Problem: The output should be every line below, retyped exactly, with no images.

[Given data — start]

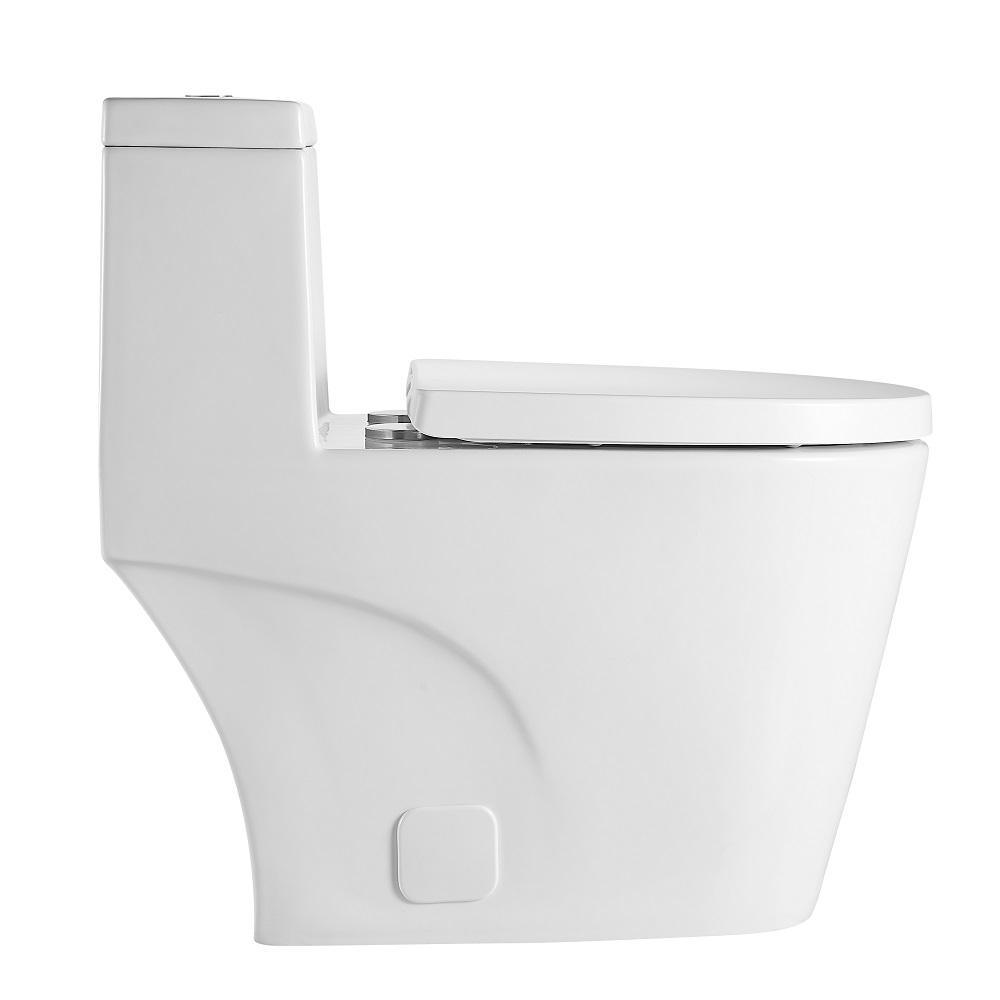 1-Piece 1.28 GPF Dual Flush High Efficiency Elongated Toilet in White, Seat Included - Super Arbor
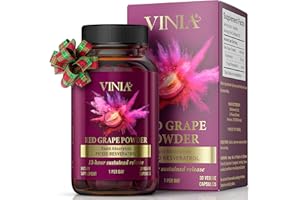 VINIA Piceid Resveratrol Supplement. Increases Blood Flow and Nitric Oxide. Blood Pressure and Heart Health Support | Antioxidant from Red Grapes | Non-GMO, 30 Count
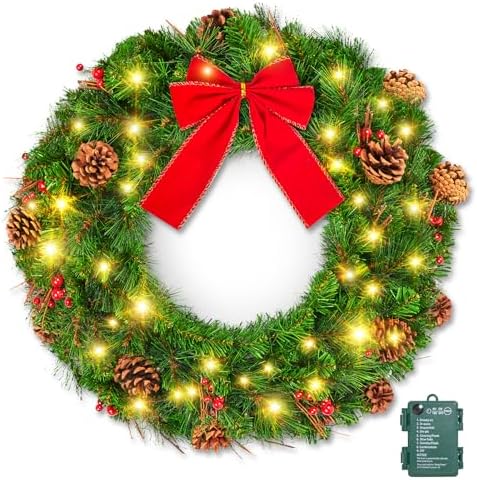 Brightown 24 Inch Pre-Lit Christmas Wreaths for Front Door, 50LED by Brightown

[Given data — finish]

Expected answer:
 1-Piece 1.28 GPF Dual Flush High Efficiency Elongated Toilet in White, Seat Included - Super Arbor
 VINIA Piceid Resveratrol Supplement. Increases Blood Flow and Nitric Oxide. Blood Pressure and Heart Health Support | Antioxidant from Red Grapes | Non-GMO, 30 Count
 Brightown 24 Inch Pre-Lit Christmas Wreaths for Front Door, 50LED by Brightown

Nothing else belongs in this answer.